Some 130,000 refugees have moved into the 3-square-mile Zaatari camp about 8 miles into Jordan from the Syrian border, making the temporary enclave the country’s fourth-largest city, even though in June 2012 it was just an empty space in the desert. A second camp, Azraq, designed to hold an additional 130,000 refugees, is under construction.

Despite the scope of the crisis, the U.N. refugee agency says less than half of the $1.1 billion it requested to meet the refugees’ needs this year has been delivered.

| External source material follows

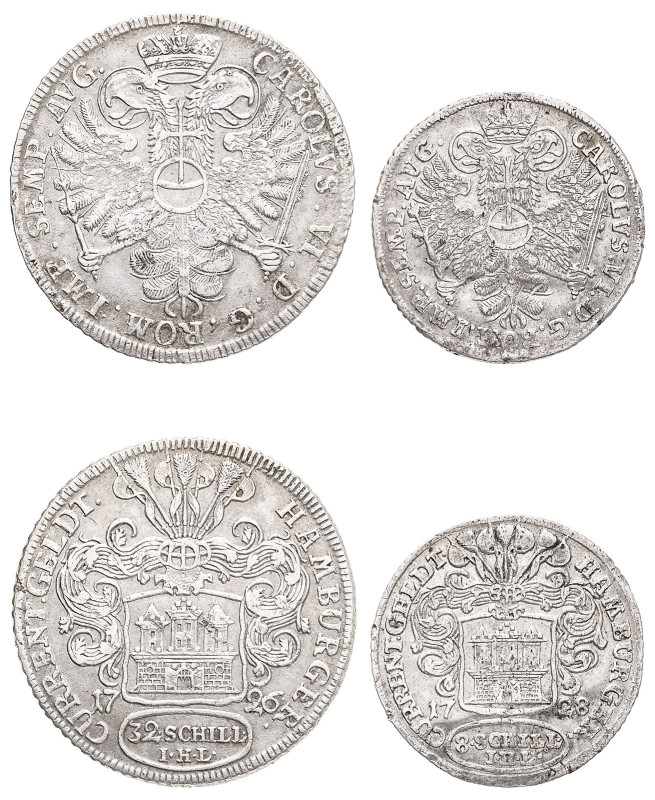 German States, Hamburg, 1324-1922. Lot of 2 coins comprising 32 Schilling, 1726 ...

Ironically, some $228 million of the $548 million that has been provided came from the U.S. The costs threaten to reduce aid to refugees elsewhere in the world, such as Africa, Guterres said, adding that the crisis is beyond the ability of any international aid group to resolve.

“The solution will have to be political,” Guterres said. “If no political solution is found, this will assume really catastrophic proportions.”

—Posted by Scott Martelle.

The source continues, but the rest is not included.